6.4 Assign Roles to Users#
Cluster > Members > AddSelect the user and assign a cluster role. For project-level access:
Cluster > Projects/Namespaces > <Project> > Members > Add6.5 Project and Namespace Isolation#
Projects group namespaces and apply shared RBAC, quotas, and network policies:
Cluster > Projects/Namespaces > Create ProjectConfigure:
- Resource quotas (CPU, memory, pod count)

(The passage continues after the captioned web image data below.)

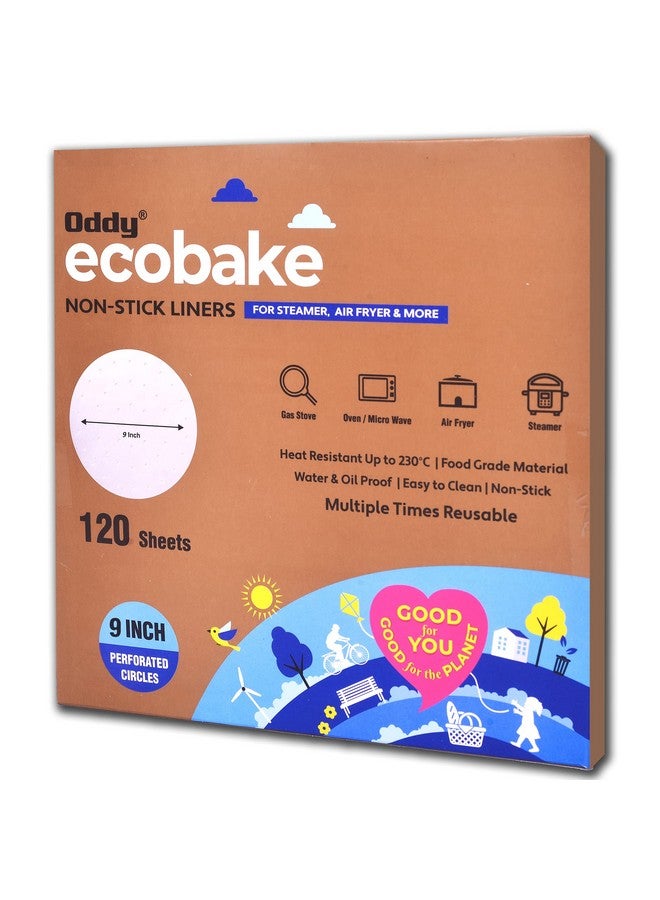 Oddy Uniwraps Ecobake Non-Stick Baking Paper for Steamer, Airfryer & More - Perforated, 9 Inch Circle, 120 Pcs (White) - Image 1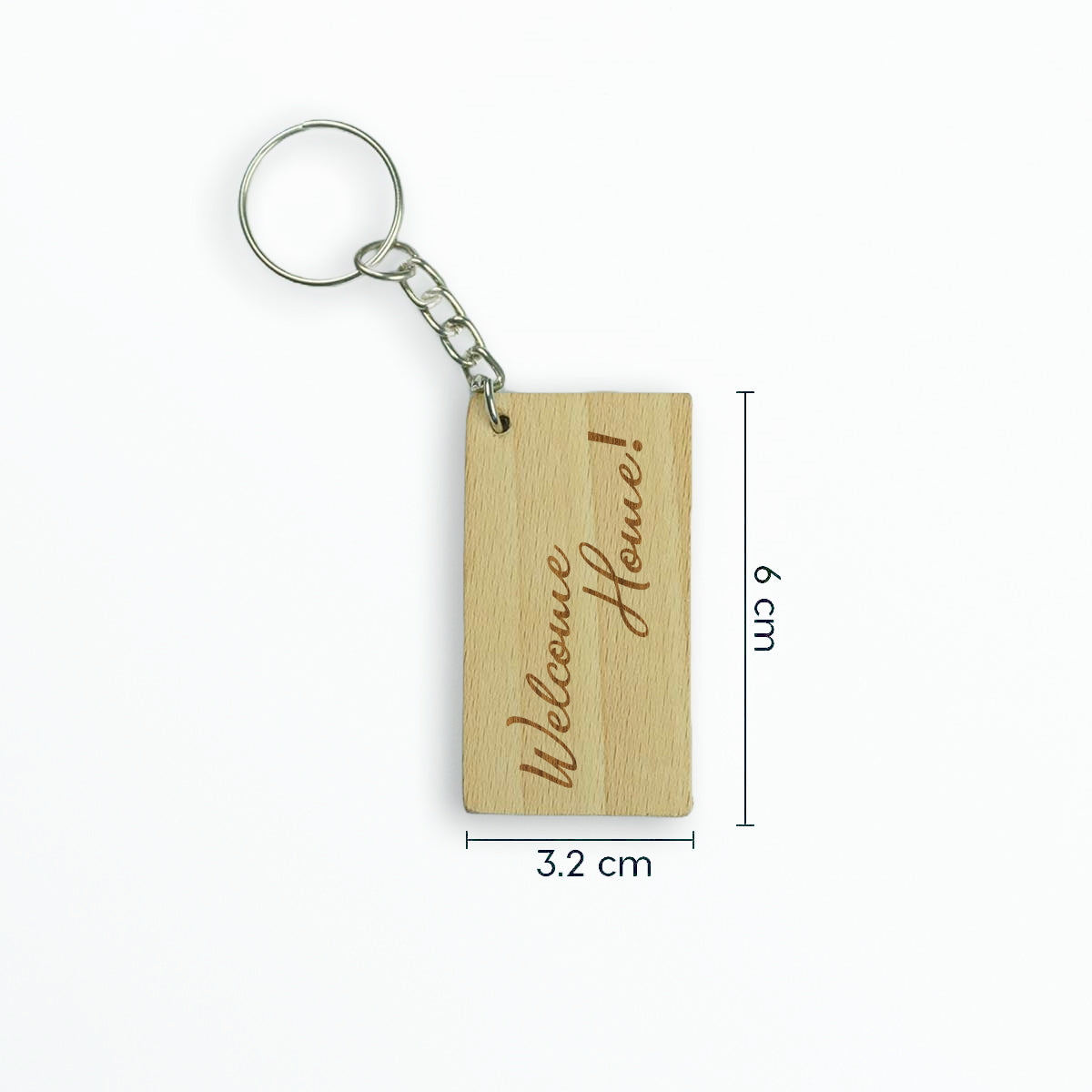Welcome Home Engraved Wooden Keychain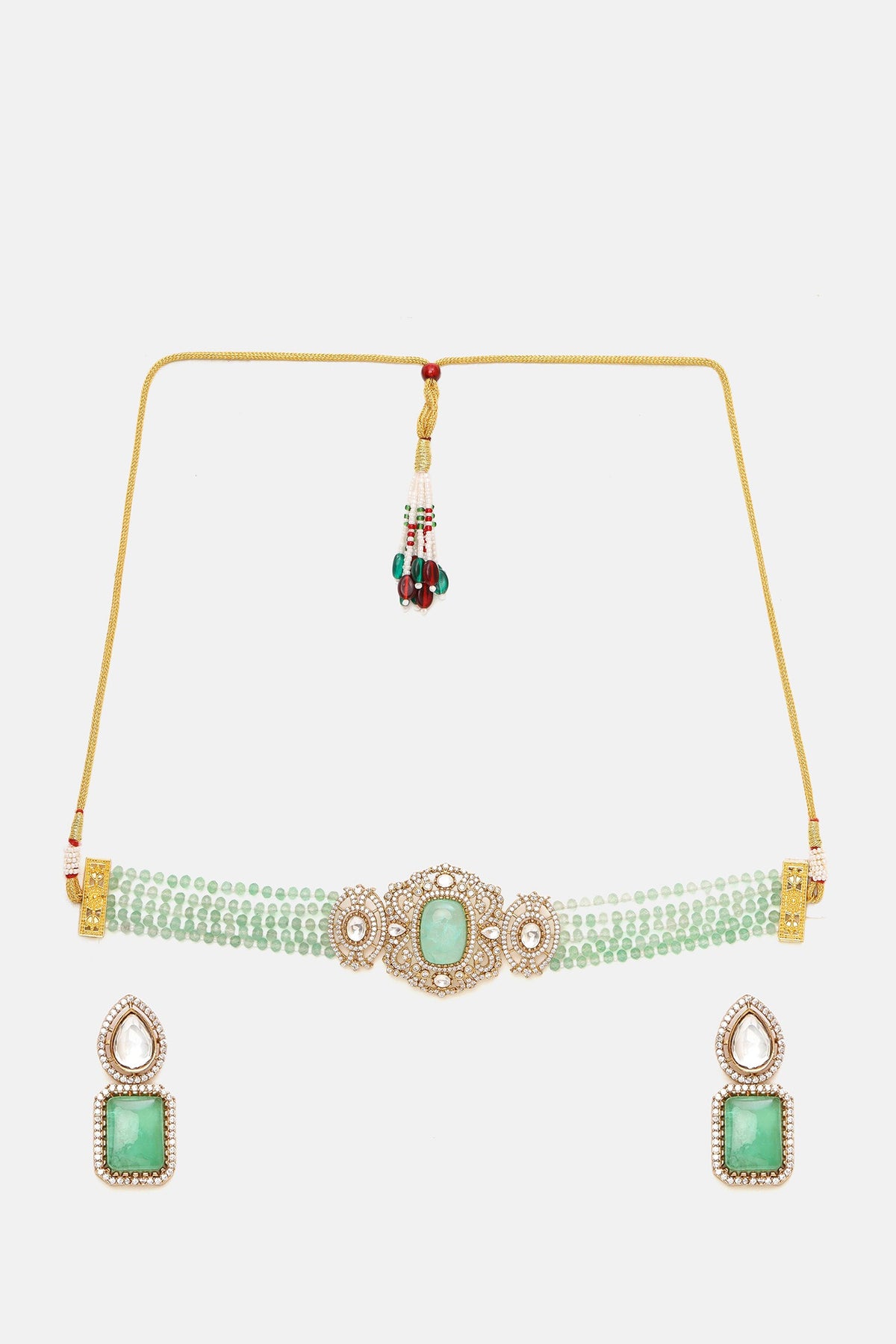 Stone & Moissanite Studded Necklace Set 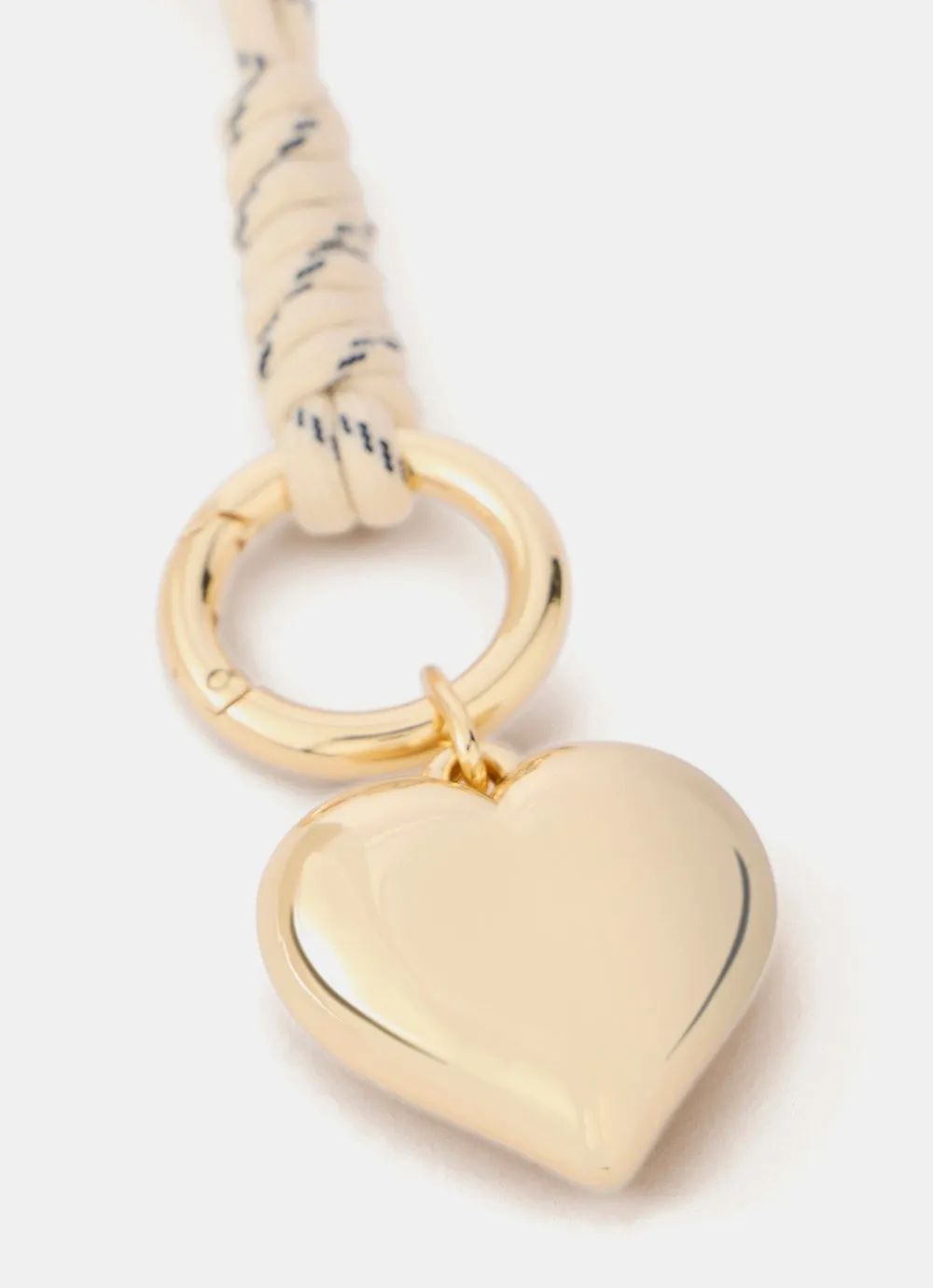 Cream Cord Heart Bag Charm sold by Mint Velvet product image thumbnail 2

- Default resource limits for containers
- Network isolation between projects
7. External Authentication#
7.1 LDAP / Active Directory#
Users & Authentication > Auth Provider > ActiveDirectory / OpenLDAPRequired fields:
| Field | Value |
|---|---|
| Hostname | <ldap-server>:<port> |
| Service Account DN | CN=<service-account>,OU=...,DC=... |
| User Search Base | OU=Users,DC=<domain>,DC=com |
| Group Search Base | OU=Groups,DC=<domain>,DC=com |
| User Login Attribute | sAMAccountName (AD) or uid (LDAP) |
7.2 SAML (Okta, ADFS, PingIdentity)#
Users & Authentication > Auth Provider > SAML- Create a SAML application in your IdP
- Enter the Metadata XML URL or upload the metadata file
- Map SAML attributes to Rancher fields (display name, username, groups)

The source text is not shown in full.